« Previous Entry |
Back to Blissful Knowledge
| Next Entry »
March 12, 2004
EEK! THERE'S A MALL IN MY TAX CODE!
Check out an unsurprisingly good piece from Malcolm Gladwell in the New Yorker about the development of the bete noire of good urbanites everywhere - shopping malls.
It's a wide-ranging piece, but the most interesting element is Gladwell's focus on the tax code as the unsung hero or villain of the spread of malls: apparently the accelerated depreciation schedule put into the code in the 1950s made it efficient to overbuild malls. Everything old is new again, as similar incentives in the Reagan tax cuts of the 1980s contributed to overbuilding of office towers.

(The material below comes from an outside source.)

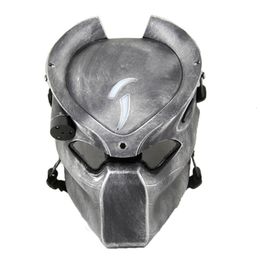 Masques de fête Alien vs Predator Lonely Wolf Mask with Lamp Outdoor Wargame Tactical Full Face CS Halloween Cosplay Horror 230816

The story is further evidence of how small changes in, or features of, the tax code have monumental impact. Pick your favorite example: the role of the mortgage deduction in inflating the price of housing (and while I haven't seen any studies of the issue, it wouldn't shock me if the Clinton doubling of the amount of tax-free gain from the sale of a home has played a role in the housing bubble we may be facing), the quirk that exempts the donor of appreciated property from capital gains taxes, or the historical accident of exempting employers' health-insurance premiums that has helped produce (probably more than anything else) the wonderful state of health care in this country. The first example is probably the mos timportant, as it illustrates both the distortions of such tax-code changes and the diffculty of getting such quirks out once they've been absorbed into the economy (let's have a show of hands for who wants to destroy the real estate sector!). If there's a moral to the story, it's "don't go down that road." But it's a little late for that advice, so the second-best advice is probably to go to the drugstore at your friendly neighborhood mall and buy some aspirin.